Autant dire que Rois et reine parle d'amour, mais sa manière d'aborder le sujet est loin d'être anodine. La mise en scène, inscrite dans un artifice absolument jouissif, suit les caprices du cinéaste : elle se permet le recours au témoignage, comme dans le somptueux Saraband de Bergman, le flash-back, voire l'onirisme tant on peut se questionner sur la réalité de ce qui nous est montré.
Rois et reine a cette singularité, commune à certains grands films (Eyes Wide Shut, Sueurs Froides) d'adopter pleinement le point de vue des personnages. Mais, justement, la pluralité des protagonistes permet de maintenir une distance nécessaire entre le spectateur et la fiction, distance qui paradoxalement le communie avec eux.
Les personnages, parlons-en. La caméra de Desplechin pose un regard très juste sur eux. Ils sont fragiles, généreux, pleins, parfois égoïstes, souvent faibles et gauches. À vrai dire, leur maladresse les humanise, comme chez Rohmer.

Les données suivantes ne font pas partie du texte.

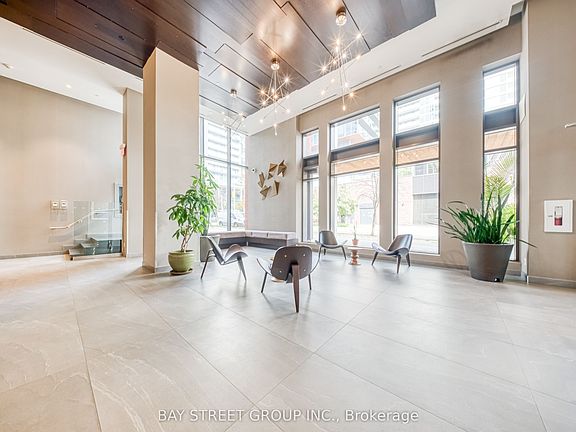 2nd image of 170 Sumach St #502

L'identification complète, la communion entière avec les protagonistes est permise par le parfait équilibre que trouve le film entre l'abîme psychologique et la dérision, le sérieux et la folie, la gravité et l'humour. On se croirait parfois presque dans les grands films de Woody Allen, où la mélancolie naît de la légèreté et parvient à la suppléer.
Mais Desplechin est paroxystique dans l'emploi de ce procédé, puisqu'il réussit à dévoiler les troubles existentiels des trublions qu'il met en scène dans des scènes d'une drôlerie phénomène tout en exhibant une sensibilité.

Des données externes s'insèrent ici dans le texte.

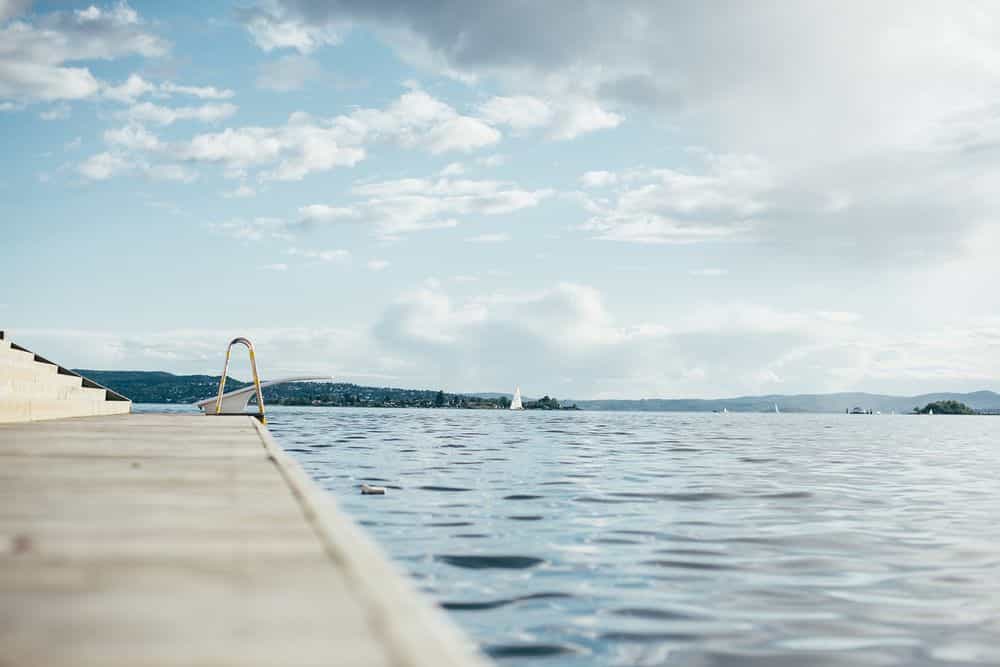 Hero image for Norman’s Pools & Spa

Oui, Rois et reine est un film bouleversant, sublime dans sa singularité de jouer avec les codes et l'ambition du film-fleuve sans jamais devenir indigeste.
C'est un Cinéma qui se vit, à la fois discret et puissant, dont la pleine proximité est assurée par des comédiens absolument renversants : Amalric, grand acteur s'il en fût, est absolument génial, parfois pudique, souvent malade. Quant à Devos, elle dévoile une fragilité toute "Nouvelle vague" qui ferait rougir de honte Anna Karina.